When figuring out your come-ups with a ballistics solver or drop chart it’s “mission critical” to have an accurate muzzle velocity (MV). When shooting factory ammo, it’s tempting to use the manufacturer-provided MV which may be printed on the package. That’s not such a great idea says Bryan Litz of Applied Ballistics. Don’t rely on the MV on the box, Bryan advises — you should take out your chrono and run your own velocity tests. There are a number of reasons why the MV values on ammo packaging may be inaccurate. Below is a discussion of factory ammo MV from the Applied Ballistics Facebook Page.
Five Reasons You Cannot Trust the Velocity on a Box of Ammo:
1. You have no idea about the rifle used for the MV test.
2. You have no idea what atmospheric conditions were during testing, and yes it matters a lot.
3. You have no idea of the SD for the factory ammo, and how the manufacturer derived the MV from that SD. (Marketing plays a role here).
4. You have no idea of the precision and quality of chronograph(s) used for velocity testing.
5. You have no idea if the manufacturer used the raw velocity, or back-calculated the MV. The BC used to back track that data is also unknown.
1. The factory test rifle and your rifle are not the same.
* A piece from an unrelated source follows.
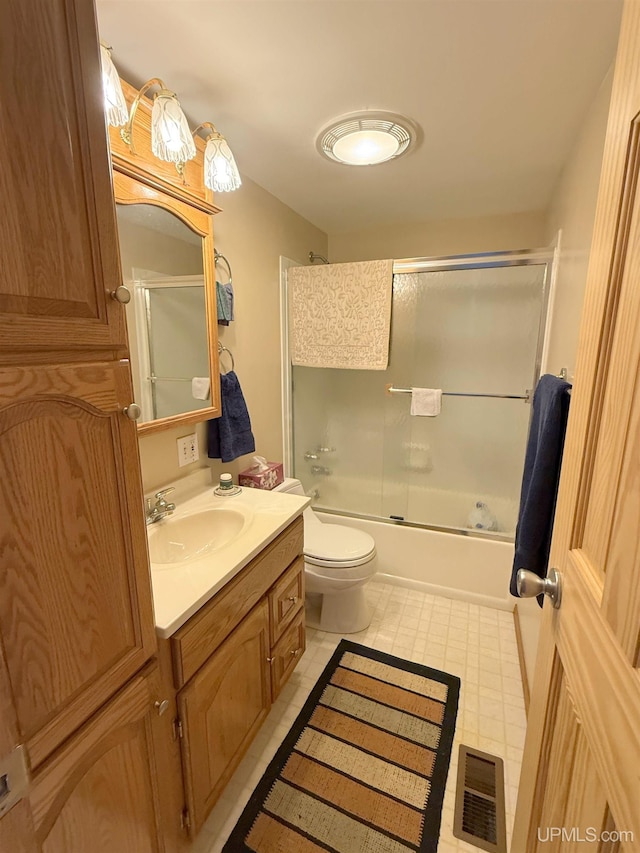 bathroom with vanity, toilet, and bath / shower combo with glass door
Aside from having a different chamber, and possibly barrel length some other things are important too like the barrel twist rate, and how much wear was in the barrel. Was it just recently cleaned, has it ever been cleaned? You simply don’t know anything about the rifle used in testing.
2. Temperature and Humidity conditions may be quite different (than during testing). Temperature has a physical effect on powder, which changes how it burns. Couple this with the fact that different powders can vary in temp-stability quite a bit. You just don’t know what the conditions at the time of testing were. Also a lot of factory ammunition is loaded with powder that is meter friendly. Meter friendly can often times be ball powder, which is less temperature stable than stick powder often times.
3. The ammo’s Standard Deviation (SD) is unknown. You will often notice that while MV is often listed on ammo packages, Standard Deviation (normally) is not. It is not uncommon for factory ammunition to have an SD of 18 or higher. Sometimes as high as 40+. As such is the nature of metering powder. With marketing in mind, did they pick the high, low, or average end of the SD? We really don’t know. You won’t either until you test it for yourself. For hand-loaded ammo, to be considered around 10 fps or less. Having a high SD is often the nature of metered powder and factory loads. The image below is from Modern Advancements in Long Range Shooting: Volume II.
4. You don’t know how MV was measured. What chronograph system did the manufacturer use, and how did they back track to a muzzle velocity? A chronograph does not measure true velocity at the muzzle; it simply measures velocity at the location it is sitting. So you need to back-calculate the distance from the chrono to the end of the barrel. This calculation requires a semi-accurate BC. So whose BC was used to back track to the muzzle or did the manufacturer even do that? Did they simply print the numbers displayed by the chronograph? What kind of chronograph setup did they use? We know from our Lab Testing that not all chronographs are created equal. Without knowing what chronograph was used, you have no idea the quality of the measurement.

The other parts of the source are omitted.